October 28, 2010

30th Christmas Candlelight Tours

The Historical Society of Quincy and Adams County celebrates its 30th Christmas Candlelight Tours with “Vignettes of Christmas Past.” Decorations will sparkle in gold and silver, and candles will provide period atmosphere. Musicians Eric Steitz and Tony Blackford will provide music on the hammered dulcimer and flute, and the people of the Governor John Wood Mansion will be dressed in their best period attire. The Governor and Mrs. Wood will be at dinner with their guests.
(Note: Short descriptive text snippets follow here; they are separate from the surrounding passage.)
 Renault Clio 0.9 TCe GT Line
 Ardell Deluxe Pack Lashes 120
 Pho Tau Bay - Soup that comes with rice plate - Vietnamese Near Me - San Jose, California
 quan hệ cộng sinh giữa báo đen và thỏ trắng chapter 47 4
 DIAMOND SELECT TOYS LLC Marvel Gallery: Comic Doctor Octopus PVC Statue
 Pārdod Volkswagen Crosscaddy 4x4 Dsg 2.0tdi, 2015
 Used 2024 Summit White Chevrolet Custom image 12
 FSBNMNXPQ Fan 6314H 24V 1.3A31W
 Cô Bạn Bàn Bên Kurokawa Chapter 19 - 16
This year’s theme will provide, in one vignette, a glimpse of the Wood family and friends at holiday dinner, and in another vignette, a look at the household staff as they prepare and serve the Governor and guests. Visitors will be gathered in small groups at the Visitor Center and escorted to the Mansion to eavesdrop on the family conversations, remaining at each venue for approximately five-minute intervals. This is a new opportunity for visitors to see the vignette format and experience first person interpretation in the Governor John Wood Mansion.

Free public and member tours will be offered December 10, 11, 12, and 26, 27. Tours will take place from 5:00 p.m. to 7:00 p.m. each night. Quincy’s History Shop will be open each tour night from 5:00 p.m. to 7:00 p.m. and offers a wide selection gifts to please friends and family at Christmas and beyond.

The Governor John Wood Mansion is located at on the northeast corner of 12th and State Streets in Quincy. For further information please telephone 217-222-1835 Tuesday through Saturday, through December 22.

October 18, 2010

Memorial Bridge

Did You Know?

The Quincy Memorial Bridge was originally (& officially) called the Quincy Soldier's Memorial Bridge.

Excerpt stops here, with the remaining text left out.